Under current rules, non-EU residents who can show an annual income of at least €23,000 are automatically enrolled in France’s national health system after three months — at no additional cost. The new measure would close that door.

“It is a matter of fairness,” said François Gernigon, the center-right lawmaker sponsoring the reform, in an interview with Politico. “If you are a French citizen and you move to the U.S., you don’t have reciprocity, you don’t benefit from free social security.”

That sentiment — once politically taboo in Europe — now animates a growing acknowledgment that open-ended benefits for non-citizens are no longer financially or politically tenable. Gernigon noted that the new contribution expected from foreign retirees would still be modest compared to what American seniors typically pay for coverage. He also framed the change less as a deficit remedy than as a necessary signal of balance and responsibility: “This is not what is going to fill the hole in the social security budget.”

The French pivot comes only months after the United States implemented its own tightening of taxpayer-funded healthcare access. In July 2025, President Trump signed legislation barring many refugees, asylum seekers, and certain legal permanent residents from Medicare eligibility and Affordable Care Act subsidies, while reducing federal reimbursements to hospitals that treat undocumented patients in emergency rooms. At the time, critics argued the policy was uniquely harsh. France’s shift now suggests a broader Western recalibration — and, politically, a vindication of Trump’s claim that generous systems inevitably draw unsustainable demand.
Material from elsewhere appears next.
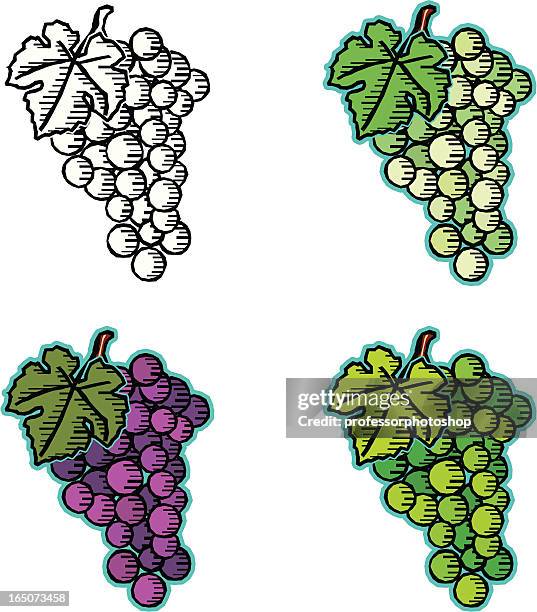ilustrações, clipart, desenhos animados e ícones de estampa xilográfica uvas - pinot noir grape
France’s move also unfolds against mounting fiscal strain. The country carries one of the heaviest public-debt burdens in the developed world and spends roughly 23 percent of its GDP on pensions, welfare, and employment programs — a level exceeded only by Finland. Even undocumented migrants qualify for fully state-funded medical aid, a program costing taxpayers about €1 billion in 2022.

Efforts to trim these expenditures have ignited fierce resistance. Strikes and protests rolled through French cities throughout the autumn, with unions condemning the government’s austerity plans as a “horror show.” For decades, European leaders and commentators have cast their welfare states as both morally superior and economically more rational than America’s. But the new restrictions — alongside similar debates unfolding in other EU countries — reflect a growing recognition that Europe’s model, too, is confronting hard limits.